### Stored data

———

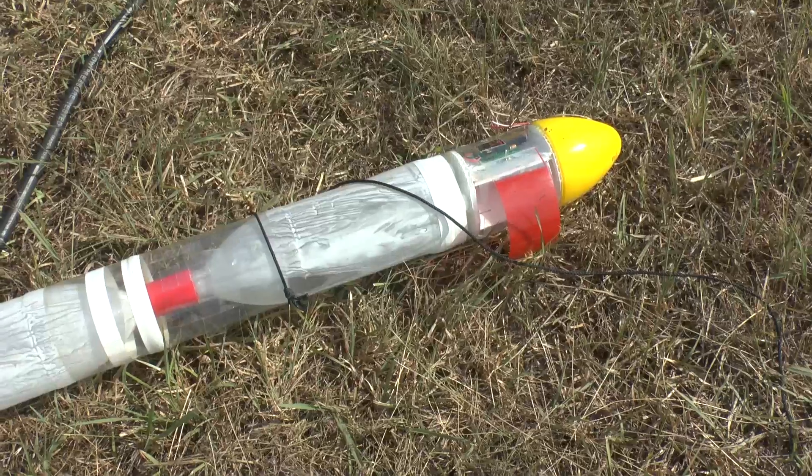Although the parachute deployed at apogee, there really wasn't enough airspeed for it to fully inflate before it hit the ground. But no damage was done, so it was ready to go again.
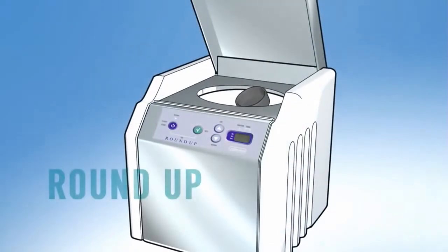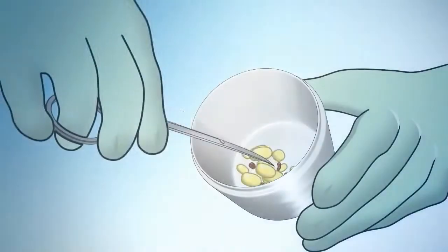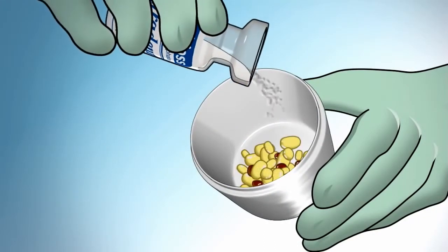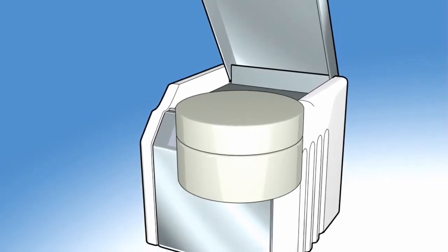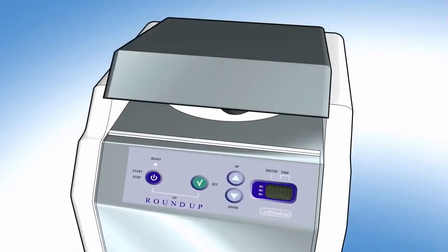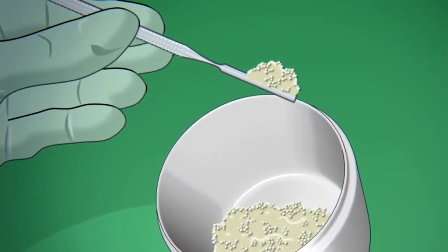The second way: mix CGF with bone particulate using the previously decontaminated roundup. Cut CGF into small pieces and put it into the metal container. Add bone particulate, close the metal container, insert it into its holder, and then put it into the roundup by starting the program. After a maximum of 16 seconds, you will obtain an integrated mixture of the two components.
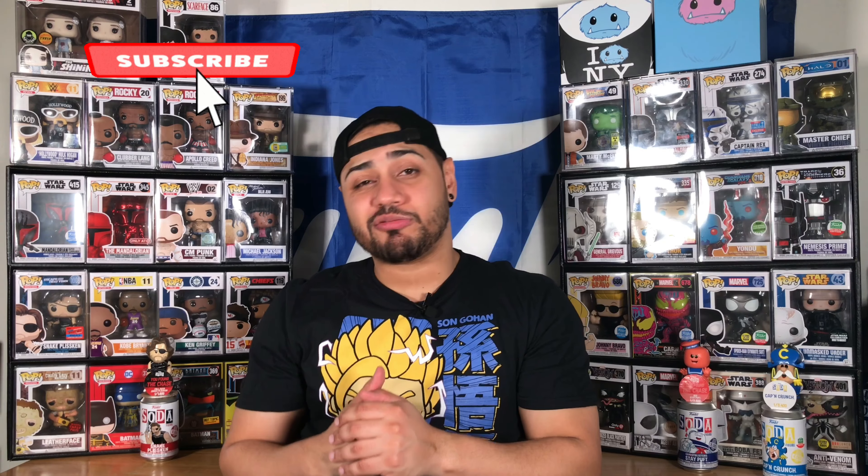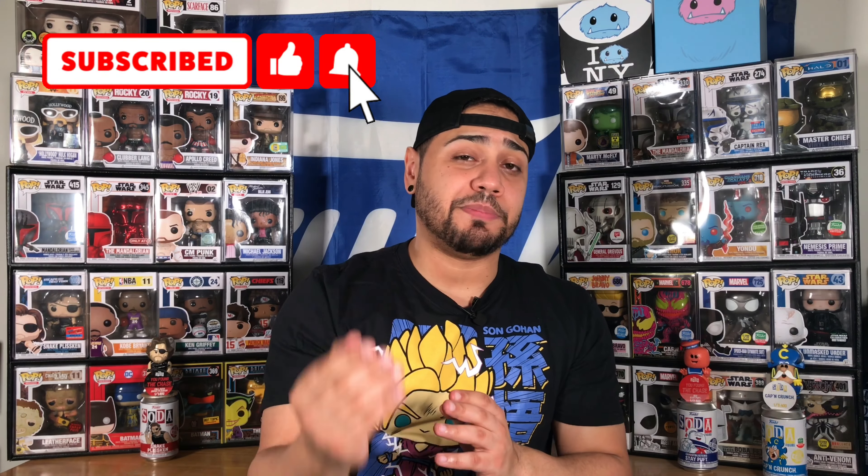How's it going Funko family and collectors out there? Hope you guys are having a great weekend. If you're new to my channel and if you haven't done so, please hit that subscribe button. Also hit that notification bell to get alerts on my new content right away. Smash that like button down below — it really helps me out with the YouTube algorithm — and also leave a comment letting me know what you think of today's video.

———

### Exercise
Restate word for word each line from the one containing "The second way: mix" through the end of the material, pictures excluded.

### Finished task
The second way: mix CGF with bone particulate using the previously decontaminated roundup. Cut CGF into small pieces and put it into the metal container. Add bone particulate, close the metal container, insert it into its holder, and then put it into the roundup by starting the program. After a maximum of 16 seconds, you will obtain an integrated mixture of the two components.
How's it going Funko family and collectors out there? Hope you guys are having a great weekend. If you're new to my channel and if you haven't done so, please hit that subscribe button. Also hit that notification bell to get alerts on my new content right away. Smash that like button down below — it really helps me out with the YouTube algorithm — and also leave a comment letting me know what you think of today's video.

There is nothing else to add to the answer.